Deborah Watkins Bruner, PhD will be inducted into Sigma Theta Tau International's Nurse Researcher Hall of Fame in Cape Town, South Africa in July. The International Nurse Researcher Hall of Fame recognizes nurse researchers who have achieved significant and sustained national or international recognition and whose research has improved the nursing profession and the people it serves.
Bruner is an internationally renowned researcher, scholar, and mentor. She has been continuously funded in leading multi-disciplinary teams in patient-reported outcomes (PROs), sexual health, large national clinical trials focused on understanding and improving symptoms, as well as studies seeking to improve minority accrual to clinical trials. Her work has led to numerous honors and awards.
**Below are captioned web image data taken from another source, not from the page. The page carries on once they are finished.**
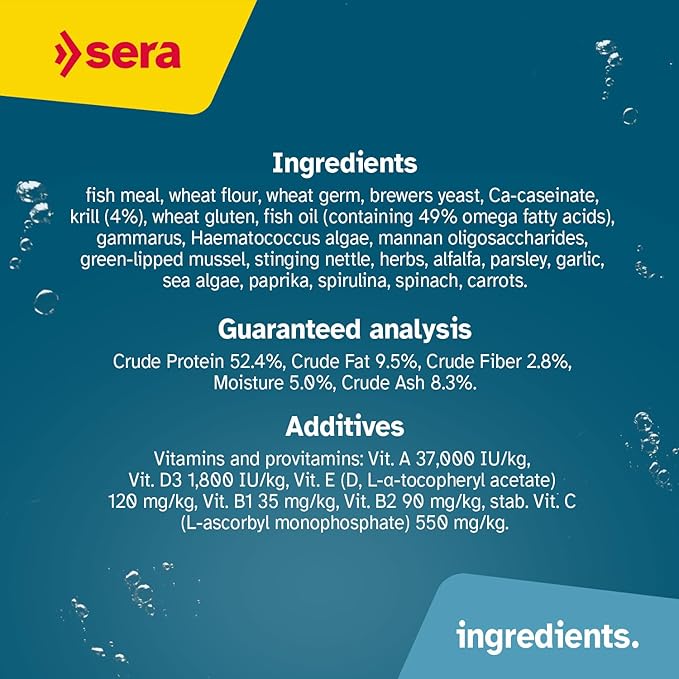 Sera Discus Granules Nature 10l (4,2kg/147,1 oz) | Main Feed for All Discus & Ornamental Fish | Rich in Aquatic Proteins & Minerals | No Dyes or Preservatives | Boosts Growth, Health & Fertility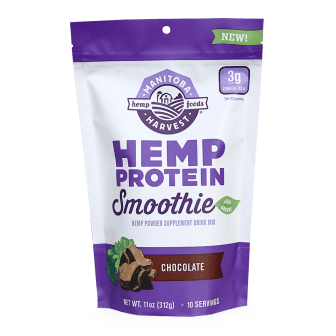 Manitoba Harvest Hemp Protein Smoothie, Chocolate, 15g Protein, 11
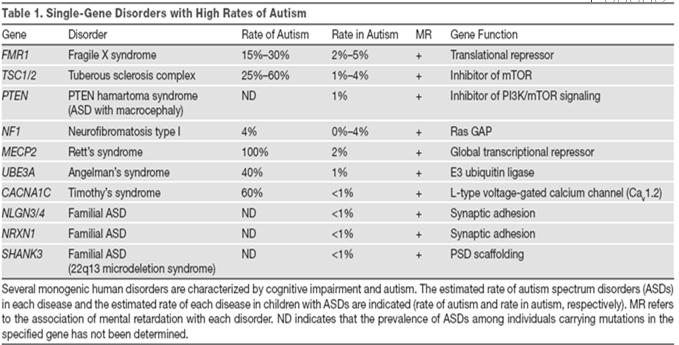 The Search For Genetic Variants ASD in single gene disorders (SGD) ASD and large chromosomal abnormalities Rare genetic variants; Copy Number Variants (CNV), Kelleher III R.J and Bear M.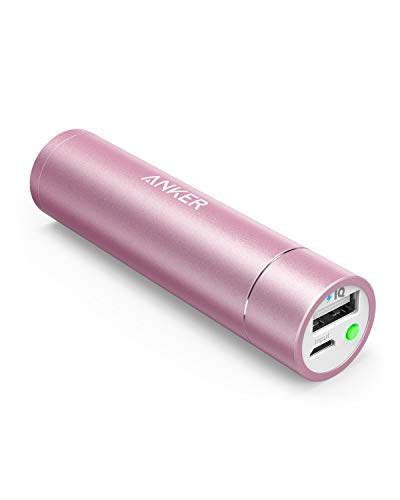 Product Cover Anker PowerCore+ mini 3350mAh Lipstick-Sized Portable Charger (3rd Generation, Premium Aluminum Power Bank) One of the Most Compact External Batteries, Uses Premium Cells
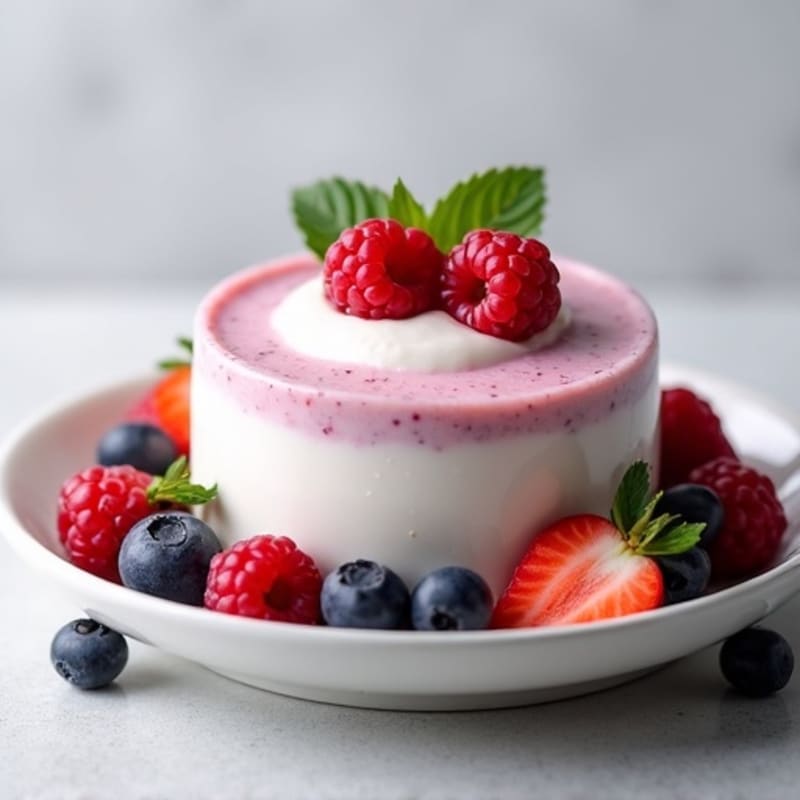 High Protein Greek Yogurt with Mixed Berries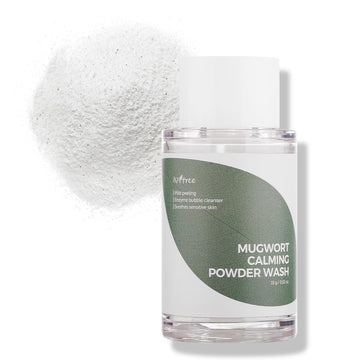 Isntree Mugwort Powder Wash 15G | Mild Peeling | Enzyme Bubble Cleanser | Soothes Sensitive Skin
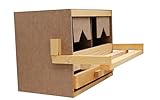 Hemel - Legenest aus Holz mit 2 Legebuchten Unterteil - kleine...
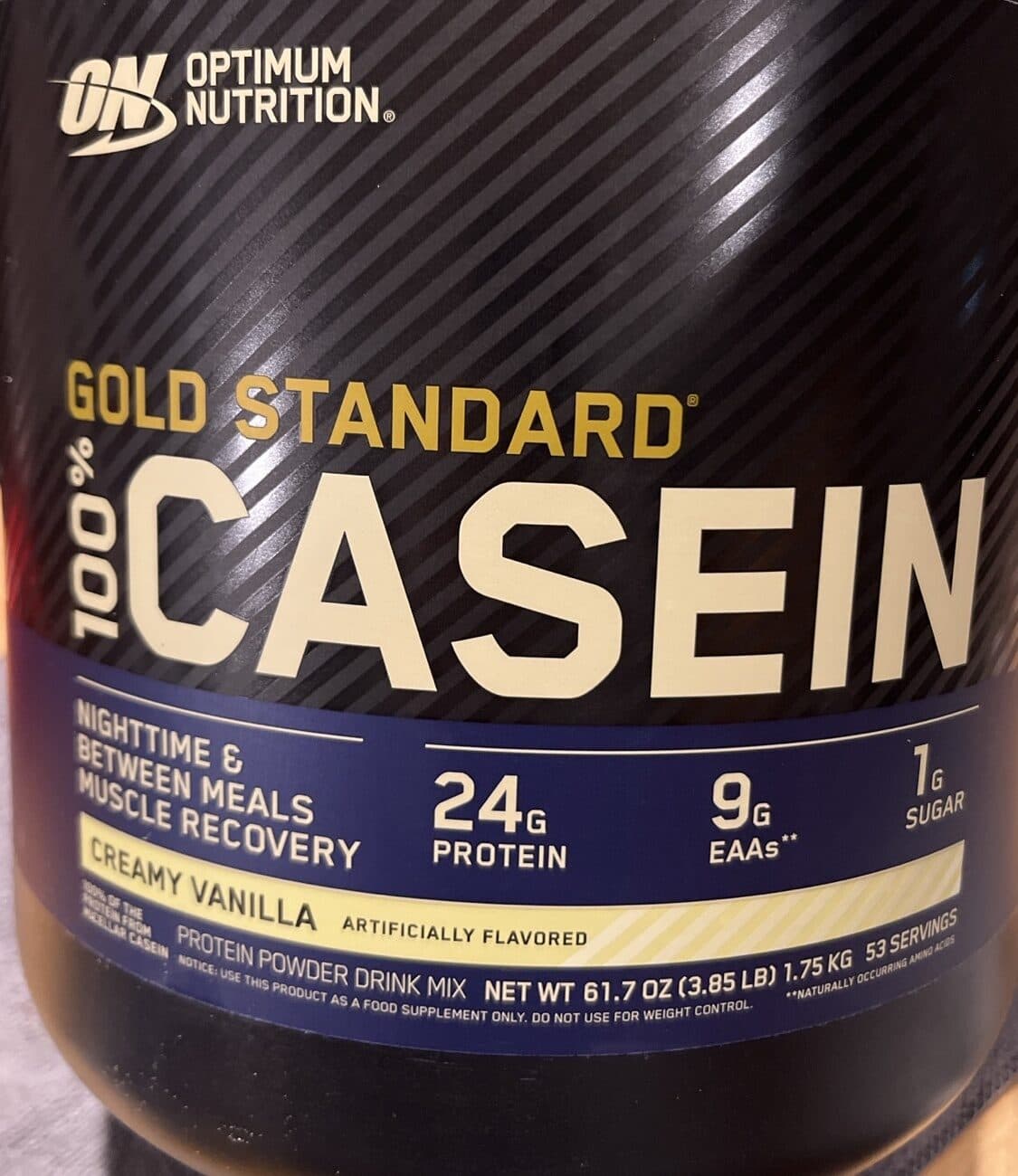 Optimum Nutrition Gold Standard 100% Casein Protein packshot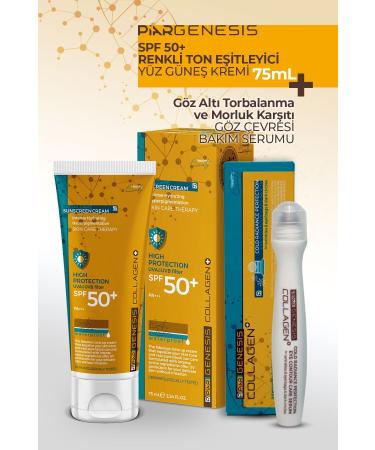 Piar Genesis Genesis Collagen Hyperpigmentation Sun Cream + genesis Collagen Eye Contour Care Serum 2-pack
Bruner has worked for over two decades with the National Cancer Clinical Trials Network (NCCTN). Bruner is the first and only nurse to lead, as Principal Investigator (PI), a National Cancer Institute (NCI) sponsored clinical trials cooperative group, the Radiation Therapy Oncology Group (RTOG) Community Clinical Oncology Program (CCOP) Research Base. The RTOG was a consortium of over 360 institutions in the U.S. and Canada focused on providing therapy-related symptom amelioration, quality of life (QoL) and comparative effectiveness trials to the cancer community. Bruner's pioneering leadership in the RTOG led to a paradigm shift from a historically medically dominated focus on survival and toxicity, to a patient-centered bio-behavioral focus that includes nurse-sensitive symptom and QoL outcomes. Three clinical trials cooperative groups, the National Surgical Adjuvant Breast and Prostate (NSABP), the RTOG, and the Gynecologic Oncology Group (GOG) merged in March 2014 to form the NRG Oncology group. In addition to being PI of the NRG cancer control program, Bruner is the only female scientist and only nurse to serve on the Executive Committee guiding this historic merger.